**TO DO:** Output only the lines from the line holding "Camper van AFFINITY" through the close of the records, exactly as they appear, with all pictures omitted.

**EXERCISE DATA:**
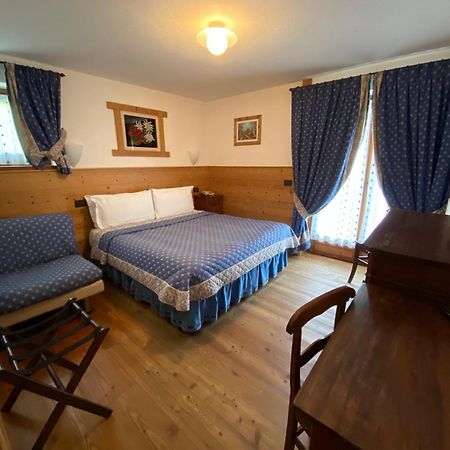 Hotel Lo Campagnar Courmayeur Exterior photo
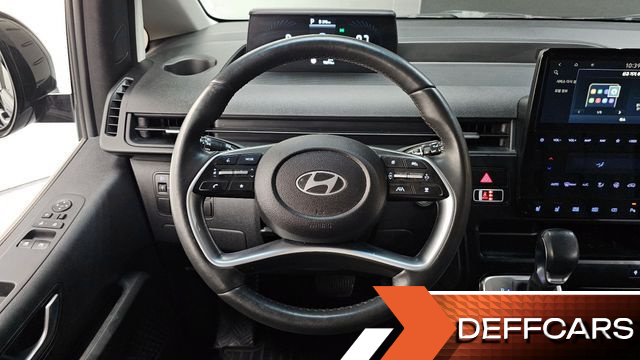 Hyundai STARIA Cargo 5-Seater Modern купить на сайте DeffCars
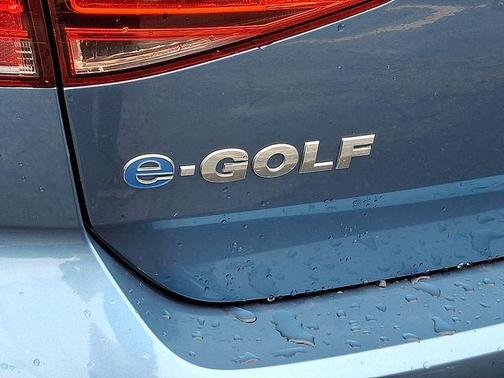 2016 Volkswagen e-Golf SE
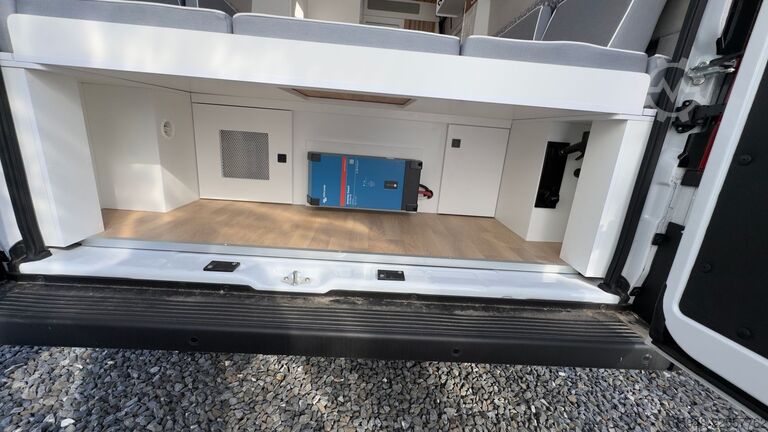 Camper van AFFINITY AFFINITY Version Premium FREEDO 599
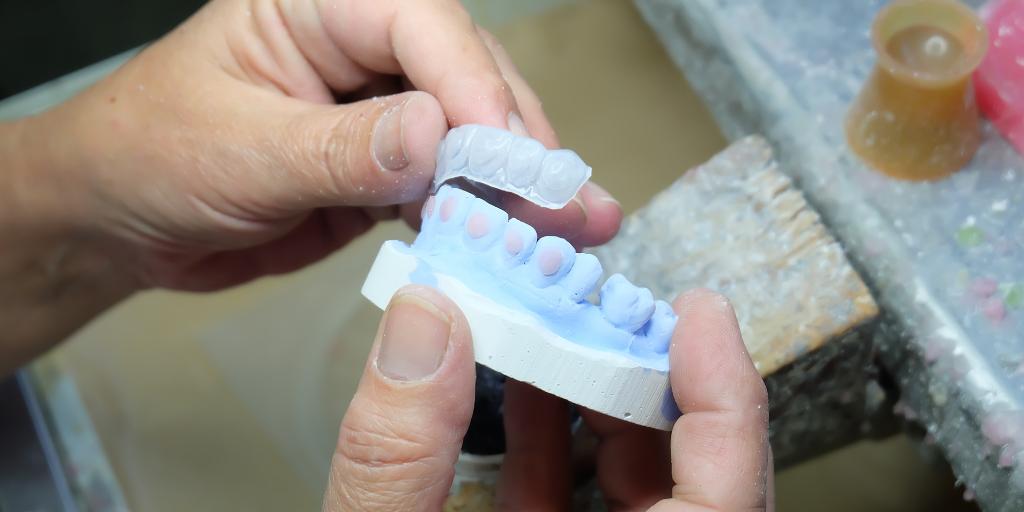 jpdentallab's tweet photo. #BadalonaDental Empieza la #SemanaSanta! Quieres calcular los tiempos de encargo #ProtesisDental? Horario especial #LaboratorioDental

🦷Jueves 18/4 8:00h a 14:00h🦷Viernes 19/4 Cerrado🦷Lunes 22/4 Cerrado
 ☎666 18 71 78 📩https://t.co/NIUUxGCKNG para tus tiempos de entrega https://t.co/y2DxHGXo9x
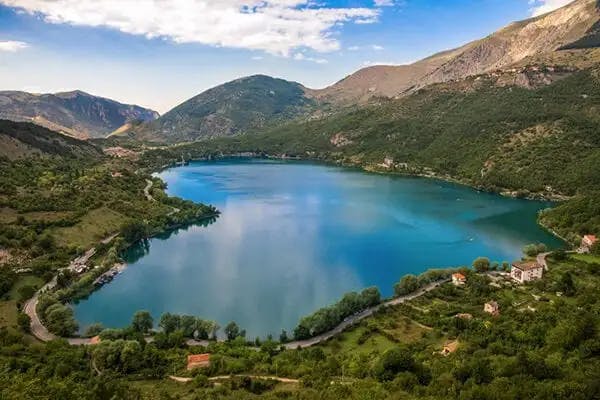 Scanno's heart-shaped lake sits in the Sagittario valley a few minutes from Scanno village.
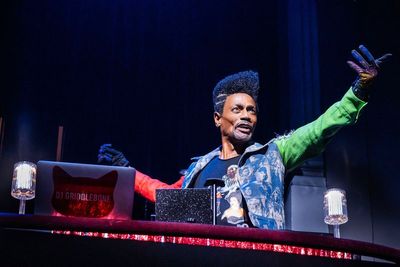 A reimagined 'Cats' on Broadway features a special cat — an actor from the original 1980s musical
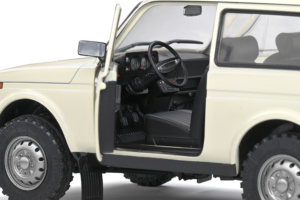 Lada Niva - Cream White - 1980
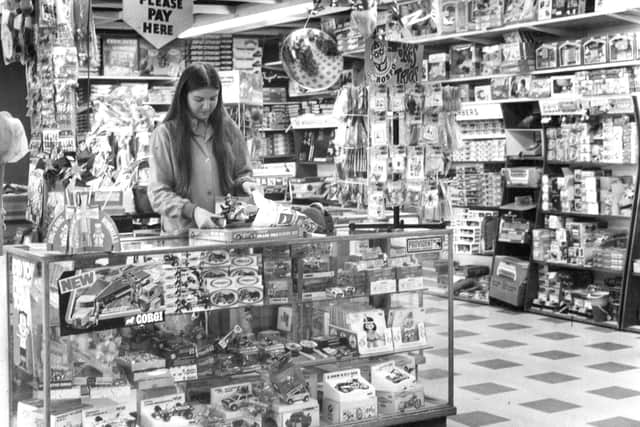 Rippons Shop in June 1974.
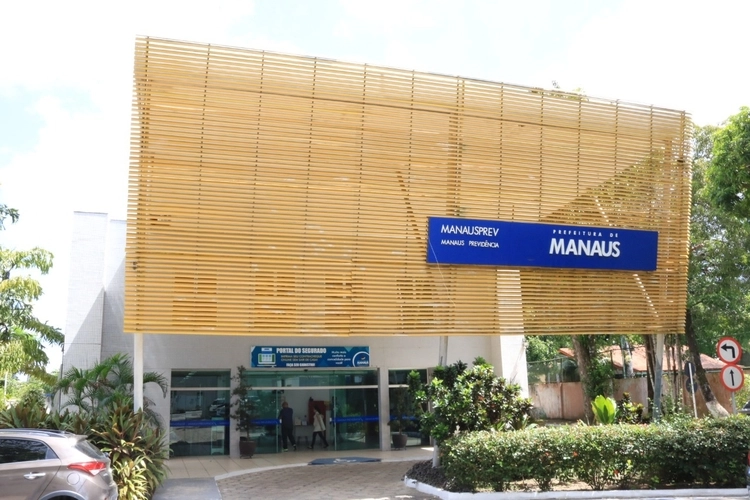 Prefeitura publica editais do concurso da Manaus Previdência com salário de até R$ 12 mil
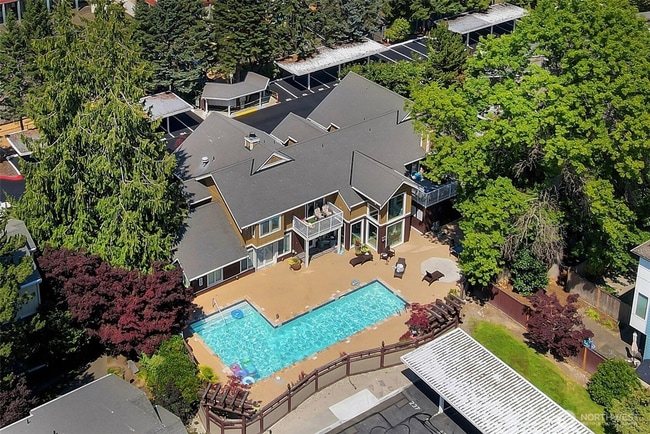 300 N 130th St in Seattle, WA - Building Photo - Building Photo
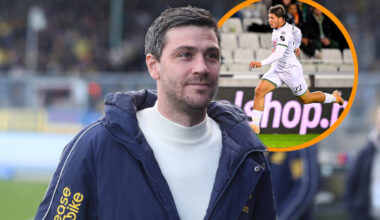 Benjamin Kessel an der Bank beim Heimspiel gegen den 1. FC Kaiserslautern.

**SOLUTION TO THIS EXERCISE:**
 Camper van AFFINITY AFFINITY Version Premium FREEDO 599
 jpdentallab's tweet photo. #BadalonaDental Empieza la #SemanaSanta! Quieres calcular los tiempos de encargo #ProtesisDental? Horario especial #LaboratorioDental

🦷Jueves 18/4 8:00h a 14:00h🦷Viernes 19/4 Cerrado🦷Lunes 22/4 Cerrado
 ☎666 18 71 78 📩https://t.co/NIUUxGCKNG para tus tiempos de entrega https://t.co/y2DxHGXo9x
 Scanno's heart-shaped lake sits in the Sagittario valley a few minutes from Scanno village.
 A reimagined 'Cats' on Broadway features a special cat — an actor from the original 1980s musical
 Lada Niva - Cream White - 1980
 Rippons Shop in June 1974.
 Prefeitura publica editais do concurso da Manaus Previdência com salário de até R$ 12 mil
 300 N 130th St in Seattle, WA - Building Photo - Building Photo
 Benjamin Kessel an der Bank beim Heimspiel gegen den 1. FC Kaiserslautern.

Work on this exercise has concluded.